WHAT IS BEING ASKED:
The entries below contain a line with "Class Lexion i Mega Fotel + Lodówka" and a line with "Avelena | Metallpolitur 2 Stück". Quote exactly those two lines and all lines between them.

RECORDS FOR PROCESSING:

▼

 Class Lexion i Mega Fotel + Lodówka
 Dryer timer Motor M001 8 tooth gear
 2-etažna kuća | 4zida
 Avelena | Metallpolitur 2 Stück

▲
▼

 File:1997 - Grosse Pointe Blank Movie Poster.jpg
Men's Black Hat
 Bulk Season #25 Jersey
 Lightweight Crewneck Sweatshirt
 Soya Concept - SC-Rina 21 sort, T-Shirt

▲
▼

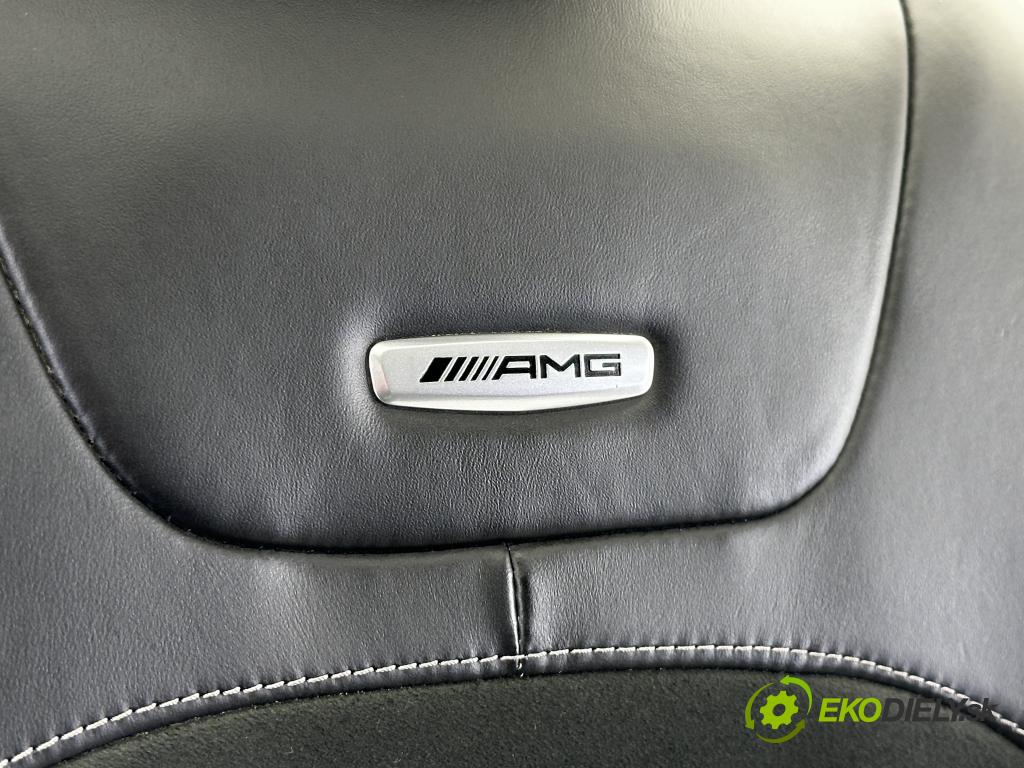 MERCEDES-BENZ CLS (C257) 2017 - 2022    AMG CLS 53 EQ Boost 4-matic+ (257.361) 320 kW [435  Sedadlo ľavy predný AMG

▲

RESULT FOR THIS TASK:
 Class Lexion i Mega Fotel + Lodówka
 Dryer timer Motor M001 8 tooth gear
 2-etažna kuća | 4zida
 Avelena | Metallpolitur 2 Stück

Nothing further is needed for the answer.